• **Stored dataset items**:
<<<<

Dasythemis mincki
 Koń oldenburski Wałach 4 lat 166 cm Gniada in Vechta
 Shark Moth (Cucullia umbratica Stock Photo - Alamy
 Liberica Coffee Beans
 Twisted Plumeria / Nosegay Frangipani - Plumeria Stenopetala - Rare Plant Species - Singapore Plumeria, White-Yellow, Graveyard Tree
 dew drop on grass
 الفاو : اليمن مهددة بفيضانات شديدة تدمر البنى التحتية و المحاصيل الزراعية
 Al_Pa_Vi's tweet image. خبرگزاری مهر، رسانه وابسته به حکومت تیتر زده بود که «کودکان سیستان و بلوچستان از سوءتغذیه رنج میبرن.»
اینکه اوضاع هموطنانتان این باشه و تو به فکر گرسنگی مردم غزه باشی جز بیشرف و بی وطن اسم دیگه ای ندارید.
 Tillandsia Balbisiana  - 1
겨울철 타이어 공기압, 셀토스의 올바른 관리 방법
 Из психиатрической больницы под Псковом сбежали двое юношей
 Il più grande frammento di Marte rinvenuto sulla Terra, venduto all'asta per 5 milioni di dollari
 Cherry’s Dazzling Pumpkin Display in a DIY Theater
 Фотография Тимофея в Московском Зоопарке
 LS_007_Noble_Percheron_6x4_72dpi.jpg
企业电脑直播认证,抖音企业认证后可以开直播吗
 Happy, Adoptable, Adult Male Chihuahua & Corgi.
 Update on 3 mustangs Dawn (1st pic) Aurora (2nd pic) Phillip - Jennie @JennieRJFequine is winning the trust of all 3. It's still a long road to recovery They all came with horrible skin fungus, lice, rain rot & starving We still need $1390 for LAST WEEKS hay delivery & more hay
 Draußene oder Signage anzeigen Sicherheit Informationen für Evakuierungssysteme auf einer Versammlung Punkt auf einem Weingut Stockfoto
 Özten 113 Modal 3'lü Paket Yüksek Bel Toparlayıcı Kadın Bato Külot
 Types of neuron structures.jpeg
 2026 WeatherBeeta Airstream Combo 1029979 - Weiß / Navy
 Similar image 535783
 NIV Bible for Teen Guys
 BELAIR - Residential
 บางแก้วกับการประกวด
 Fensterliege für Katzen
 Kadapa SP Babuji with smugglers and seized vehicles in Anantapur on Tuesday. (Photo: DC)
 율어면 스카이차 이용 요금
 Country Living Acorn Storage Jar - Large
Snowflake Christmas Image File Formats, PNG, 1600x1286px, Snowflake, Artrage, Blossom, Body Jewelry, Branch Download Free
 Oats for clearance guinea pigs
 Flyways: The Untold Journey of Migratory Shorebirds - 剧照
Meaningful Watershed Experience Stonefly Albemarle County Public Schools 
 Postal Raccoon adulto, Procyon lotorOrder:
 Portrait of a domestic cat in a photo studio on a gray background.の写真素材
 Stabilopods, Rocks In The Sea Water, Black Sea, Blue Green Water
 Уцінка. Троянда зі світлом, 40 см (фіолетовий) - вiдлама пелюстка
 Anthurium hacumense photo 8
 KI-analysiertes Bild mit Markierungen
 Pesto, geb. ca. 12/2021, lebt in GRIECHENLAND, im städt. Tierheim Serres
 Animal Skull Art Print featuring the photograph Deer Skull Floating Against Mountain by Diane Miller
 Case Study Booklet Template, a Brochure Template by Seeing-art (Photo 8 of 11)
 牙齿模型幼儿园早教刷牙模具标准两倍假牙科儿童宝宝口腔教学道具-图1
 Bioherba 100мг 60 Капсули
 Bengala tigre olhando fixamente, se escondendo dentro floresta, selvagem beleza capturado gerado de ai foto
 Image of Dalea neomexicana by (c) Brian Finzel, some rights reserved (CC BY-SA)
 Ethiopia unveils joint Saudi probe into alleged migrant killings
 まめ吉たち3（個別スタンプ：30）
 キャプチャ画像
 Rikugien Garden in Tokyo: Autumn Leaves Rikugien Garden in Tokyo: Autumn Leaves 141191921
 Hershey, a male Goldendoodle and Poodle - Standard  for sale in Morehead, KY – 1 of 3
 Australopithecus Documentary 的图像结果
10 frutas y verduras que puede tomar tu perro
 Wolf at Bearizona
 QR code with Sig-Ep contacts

>>>>

• **Exercise directions**:
Retype, exactly as shown, the lines from the one with "KI-analysiertes Bild mit Markierungen" through the end of the records.

• **Answer section**:
 KI-analysiertes Bild mit Markierungen
 Pesto, geb. ca. 12/2021, lebt in GRIECHENLAND, im städt. Tierheim Serres
 Animal Skull Art Print featuring the photograph Deer Skull Floating Against Mountain by Diane Miller
 Case Study Booklet Template, a Brochure Template by Seeing-art (Photo 8 of 11)
 牙齿模型幼儿园早教刷牙模具标准两倍假牙科儿童宝宝口腔教学道具-图1
 Bioherba 100мг 60 Капсули
 Bengala tigre olhando fixamente, se escondendo dentro floresta, selvagem beleza capturado gerado de ai foto
 Image of Dalea neomexicana by (c) Brian Finzel, some rights reserved (CC BY-SA)
 Ethiopia unveils joint Saudi probe into alleged migrant killings
 まめ吉たち3（個別スタンプ：30）
 キャプチャ画像
 Rikugien Garden in Tokyo: Autumn Leaves Rikugien Garden in Tokyo: Autumn Leaves 141191921
 Hershey, a male Goldendoodle and Poodle - Standard  for sale in Morehead, KY – 1 of 3
 Australopithecus Documentary 的图像结果
10 frutas y verduras que puede tomar tu perro
 Wolf at Bearizona
 QR code with Sig-Ep contacts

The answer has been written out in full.